SOURCE DATA
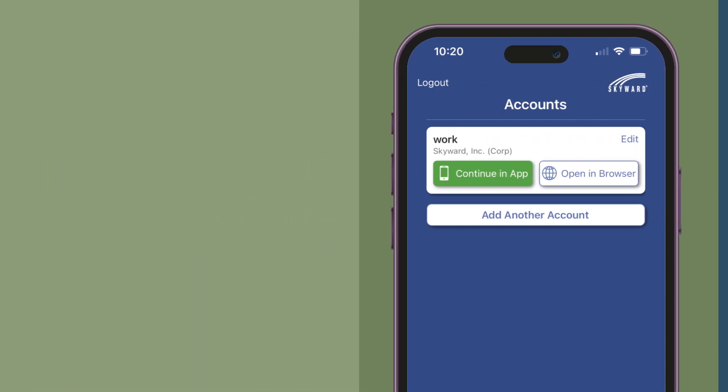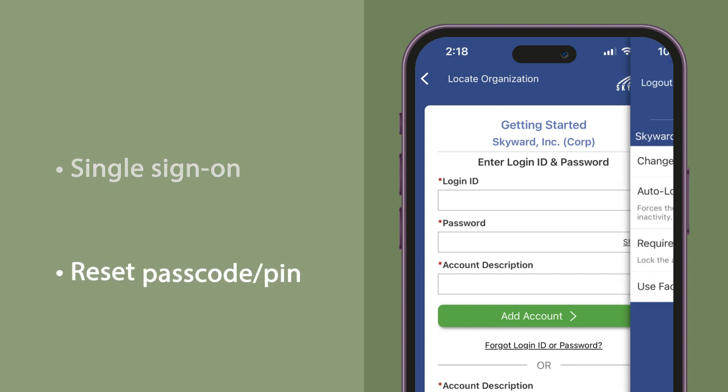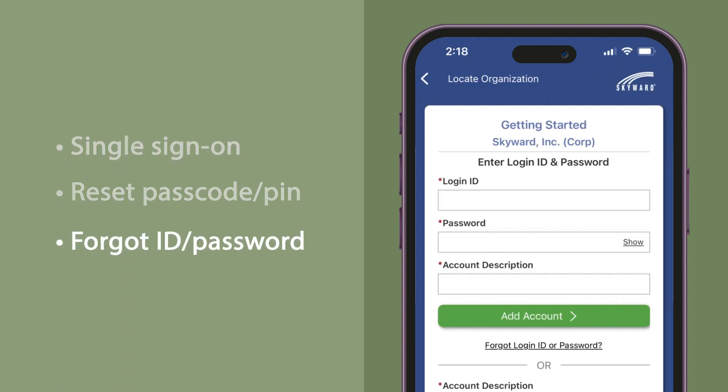Additional updates include single sign-on, the ability to reset your passcode or pin within the app, and the option to launch forgot login, ID, or password.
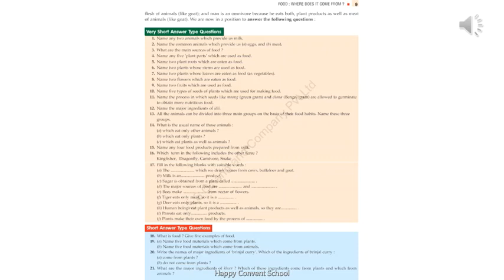Hope children, you have enjoyed this lesson. Now go through this chapter thoroughly and learn very well. We will be providing you the solved question answers of this chapter, so go through those and learn very well. Till then, stay safe, stay healthy. Thank you, children.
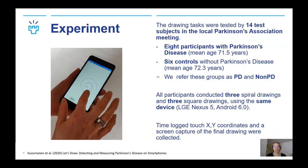All participants conducted three spiral drawings and three square drawings using the same device. We recorded the touch coordinates with timestamps and the screen captures of the final drawings.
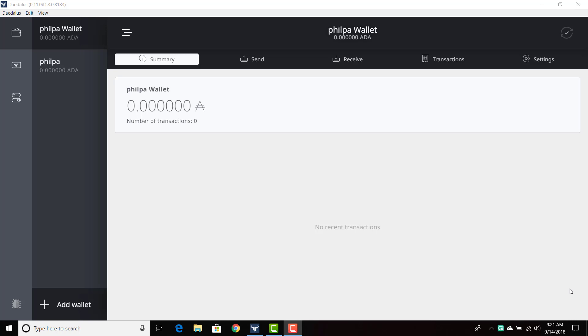Restoration occurs when either you lose your computer, you have a new computer, you need to download Daedalus on another PC or another Mac, whatever the case may be. If you need to restore your wallet, you can do so in a pretty quick and easy fashion.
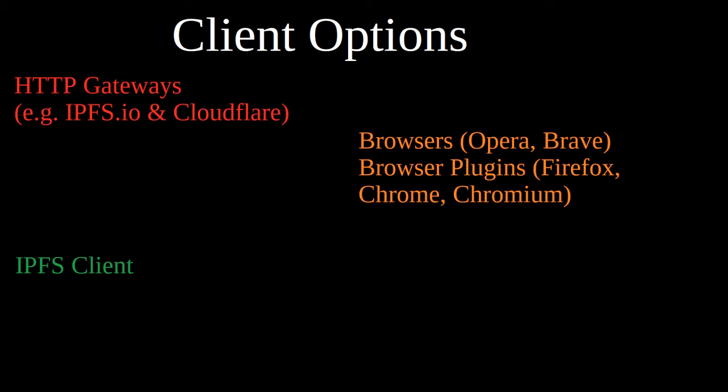Secondly, it is sort of a middle ground from a full-fledged client to a gateway. You can also run IPFS on some browsers. Browsers like Opera and Brave come pre-installed with IPFS support and plugins for Firefox, Chrome, and Chromium allow you to manually add IPFS support to those browsers as well.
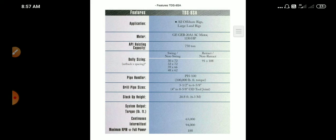The TDS-8SA is for all offshore rigs and large land rigs. It uses a GE AC motor rated at 1150 HP and has a very high hoisting capacity of 750 tons. One lakh pound-feet torque is available. Drill pipe sizes are 3-1/2 to 6-5/8 inch, stack-up height is 20.8 feet, and system torque RPM values are 63,000, 94, and 188 RPM. The TDS-8SA is comparatively more advanced than the 10SA and 11SA.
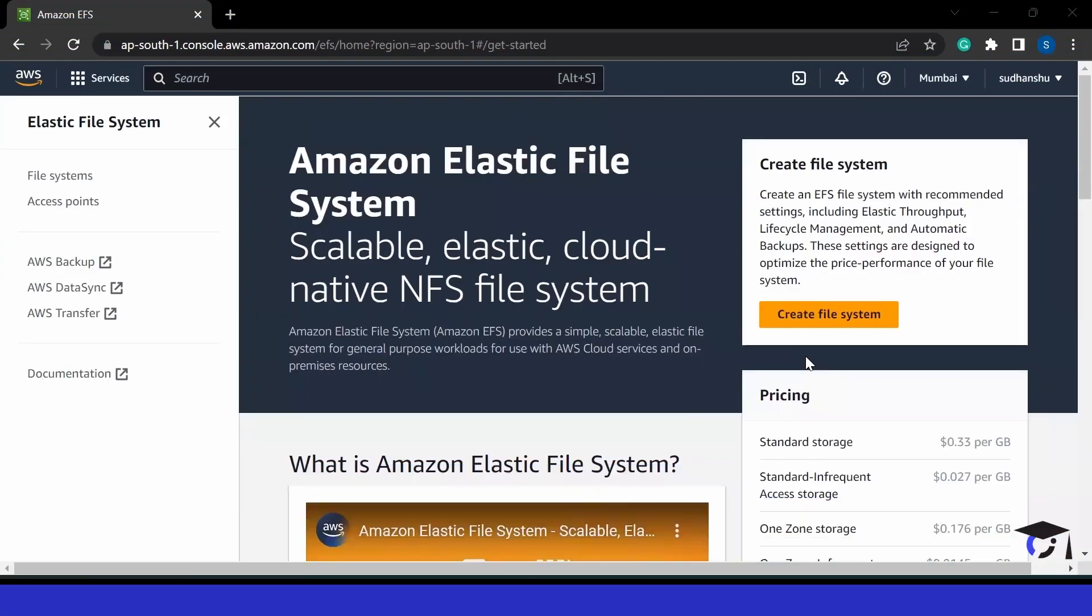Hello everyone. In this video, we will be talking about Amazon Elastic File System. It is a scalable, elastic, cloud-native NFS file system.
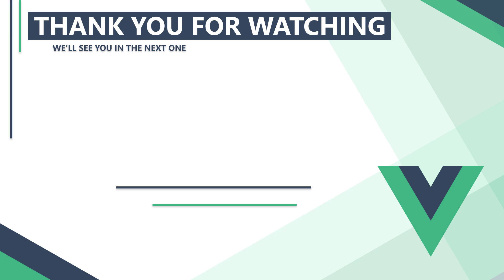In the next video, we'll start learning the basics of components. Thank you for watching, we'll see you in the next one.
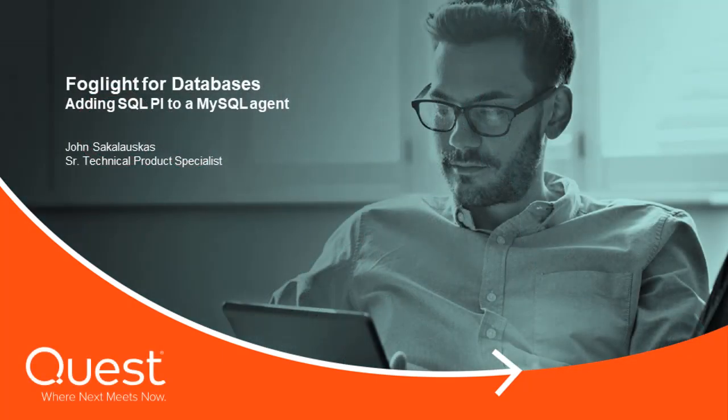Welcome to Foglight Video Solutions. In this video, we will review how to add the SQL PI extension to a MySQL database agent. My name is John Sakalaskas, and I'm a technical product specialist for the Foglight product.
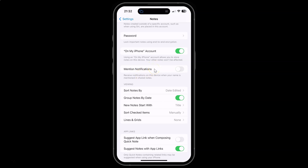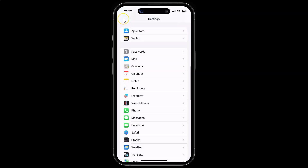So just select the option that you want. I would like to turn it on, so let me turn on this toggle button. You can see it's now turned on. After you're done, you can go back and close the Settings app.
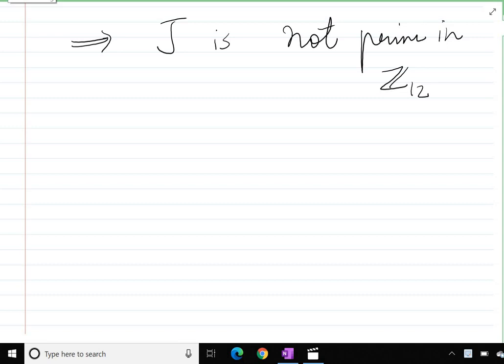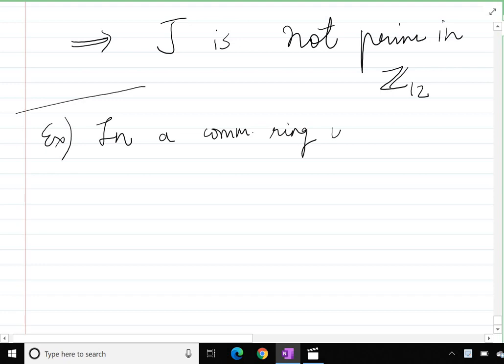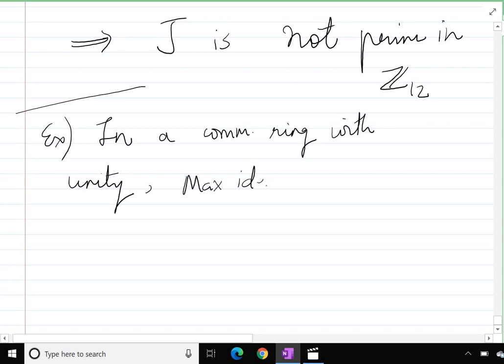Welcome everybody. We will start with the next lecture on ideals. We have been discussing prime ideals and maximal ideals since the last lectures. Now let us try to move ahead and see the connection between them. Let me write it up as an exercise: in a commutative ring with unity, every maximal ideal is a prime ideal.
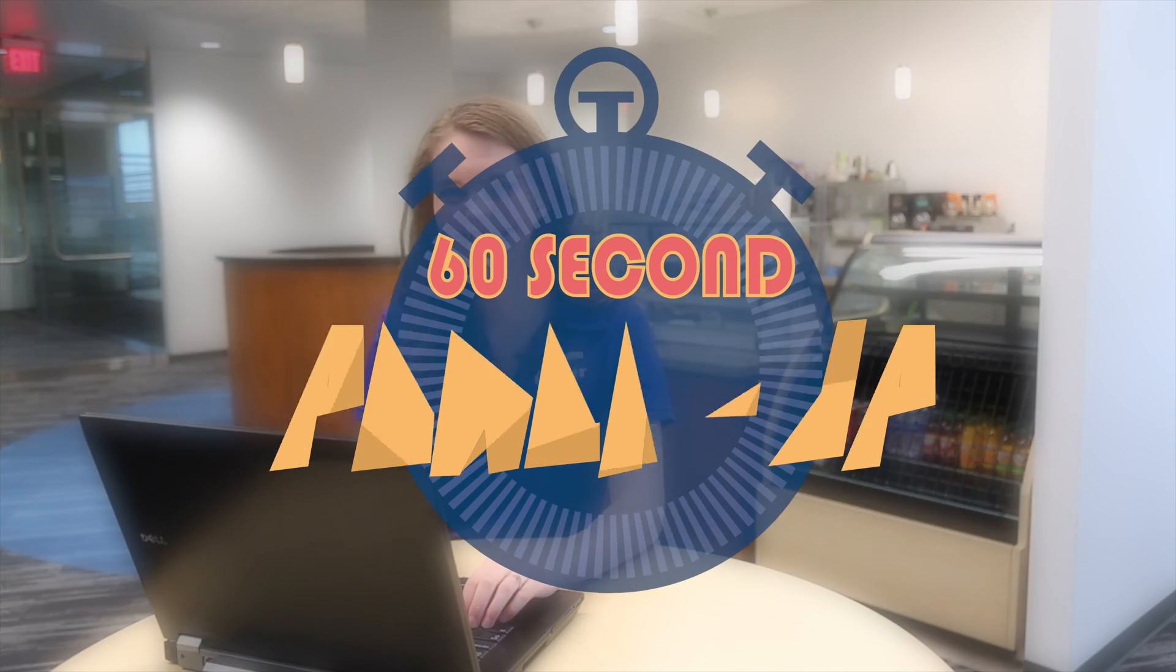It's as easy as that. Check out the other 60-Second Power-Ups and become even more Skyward Savvy.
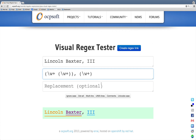The cool part is, if we hover our mouse over one of those groups, we can see that it reverse highlights in the regular expression so that we can see what actually matched that particular group. Cool, huh?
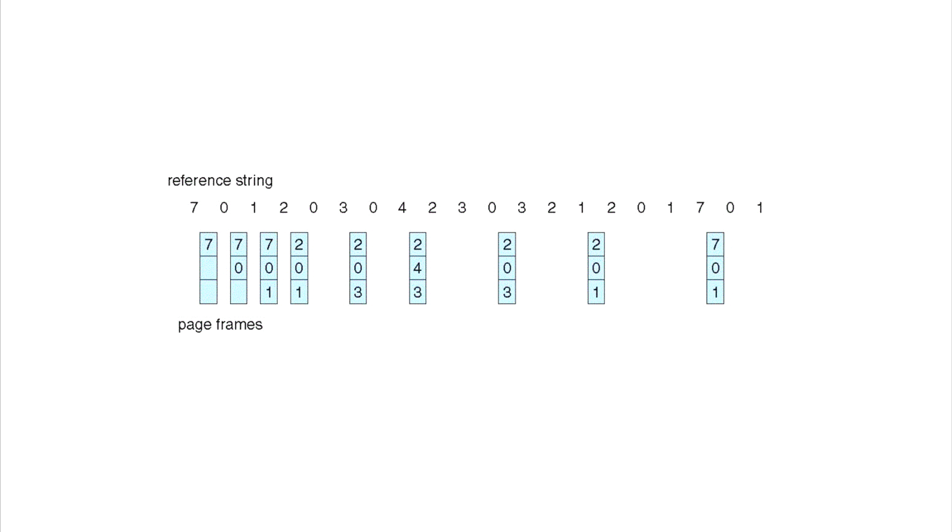Hopefully you understood that and this was helpful. You're basically looking at which number is coming up most recently and those are the safe ones, so you leave those alone. The one that doesn't come up in the reference string at all or comes up after the others, depending on how many slots you have in the frames, that's how you make your decision. Thank you very much for tuning in and I hope you enjoyed the video.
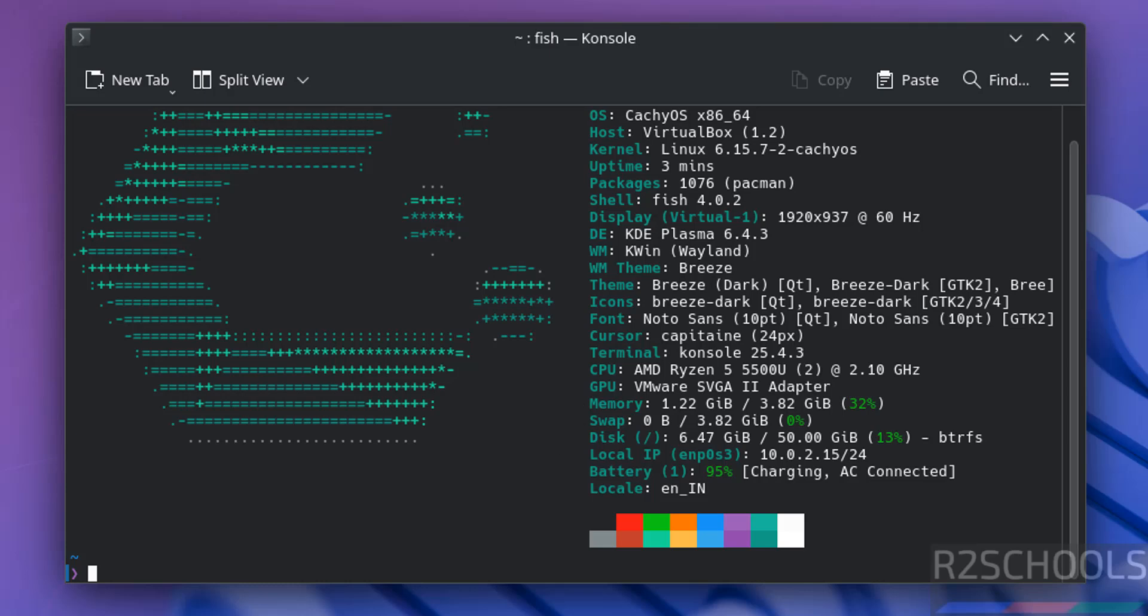So in this video we have seen how to download and install CachyOS latest version on VirtualBox. For more tutorials please subscribe my channel. Thank you.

EXERCISE BRIEF
The answer must be the part of the records that opens with the line containing "In the next video, we'll" and closes with the line containing "Welcome everybody. We", reproduced exactly, with no pictures.

RESPONSE
In the next video, we'll start learning the basics of components. Thank you for watching, we'll see you in the next one.
Welcome to Foglight Video Solutions. In this video, we will review how to add the SQL PI extension to a MySQL database agent. My name is John Sakalaskas, and I'm a technical product specialist for the Foglight product.
So just select the option that you want. I would like to turn it on, so let me turn on this toggle button. You can see it's now turned on. After you're done, you can go back and close the Settings app.
Welcome everybody. We will start with the next lecture on ideals. We have been discussing prime ideals and maximal ideals since the last lectures. Now let us try to move ahead and see the connection between them. Let me write it up as an exercise: in a commutative ring with unity, every maximal ideal is a prime ideal.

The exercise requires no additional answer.